Case:
BGH NJW 1977, 2264 VI. Civil Senate (VI ZR 58/76) = VersR 1977, 965
Date:
21 June 1977
Judges:
Professor B.S. Markesinis
Copyright:
K. Lipstein

The defendant was the liquidator in the bankruptcy of a limited partnership and of its deceased partner D who was personally liable. The partnership had conducted the business of a major petrol depot. In May 1972, a motorized petrol tanker belonging to a third party attended the depot in order to take on petrol. Owing to the negligence of the tanker’s driver, a fire broke out, but the partnership as owners of the premises and the deceased partner were also to be blamed for having failed to prevent the negligent handling of the loading process by the driver of the tanker. Fearing that the fire might spread to the depot as a whole, the police ordered the temporary closure of the plaintiff’s business premises for two hours and blocked for another three hours the access roads in order to keep them clear for the fire brigade. The plaintiff, on whose premises work had stopped for five hours, claimed damages representing wages paid and general expenses incurred in respect of the period of closure. He sued the defendant, the owner of the tanker and his employee.

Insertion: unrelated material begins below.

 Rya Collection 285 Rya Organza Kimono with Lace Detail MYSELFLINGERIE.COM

The Court of First Instance and the Court of Appeal of Bamberg gave judgment for the plaintiff. Upon a second appeal by the defendant the judgment of the Court was quashed and the case was referred back to the Court of First Instance for the following

Reasons

I. The Court of Appeal is of the opinion that the bankrupt is liable to pay damages because he has negligently damaged the established and active commercial enterprise of the plaintiff (‘another right’ in the meaning of § 823 I BGB). It held that in view of the existing danger to life the police could not allow the persons necessary to run the plaintiff’s business to remain; thus the head office of the enterprise had ceased to function between 8.30 a.m. and 10.30 a.m. Thus the fire had directly affected the running of the plaintiff’s enterprise. Therefore the non-productive expenditure of wages and other running costs covering the five hours during which business was interrupted, as alleged by the plaintiff, constituted a direct damage to be compensated in accordance with § 823 I BGB. In this respect it held that the claim for damages was well founded. The Court of Appeal refrained therefore from determining whether the claim could also be maintained on the ground that the plaintiff’s property in the business premises had been violated or on the basis of § 823 II BGB in conjunction with the Decree concerning Inflammable Liquids of 5 June 1970 (henceforth called the Decree) [reference].

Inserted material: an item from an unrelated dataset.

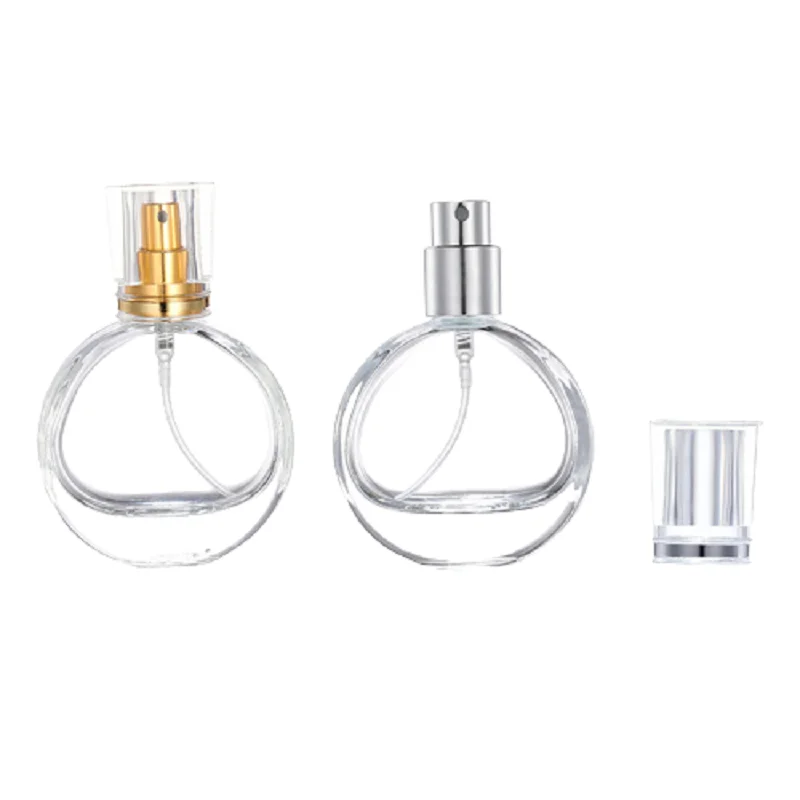 15Pcs Glass Spray Mist Bottle Gold Silver Spray Pump 25ml Flat Round Refillable Vials Cosmetic Packaging AtomizerPerfume Bottles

II. The arguments cannot be supported in law for several reasons. It must be objected in the first place that the Court of Appeal has wrongly simplified the account of the facts referred to in the plaintiff’s pleadings seeking to establish liability. A distinction must be drawn between the first period of two hours during which the business premises of the plaintiff were in immediate danger and were evacuated upon the order of the police and the ensuing period when, because of the fire in the tank depot, vehicles of the police and the fire brigade only blocked the (public) access road to the plaintiff’s business premises, as a result of which, as the plaintiff alleges, no vehicles could leave the premises, thus making it impossible to supply the building lots for which he was responsible.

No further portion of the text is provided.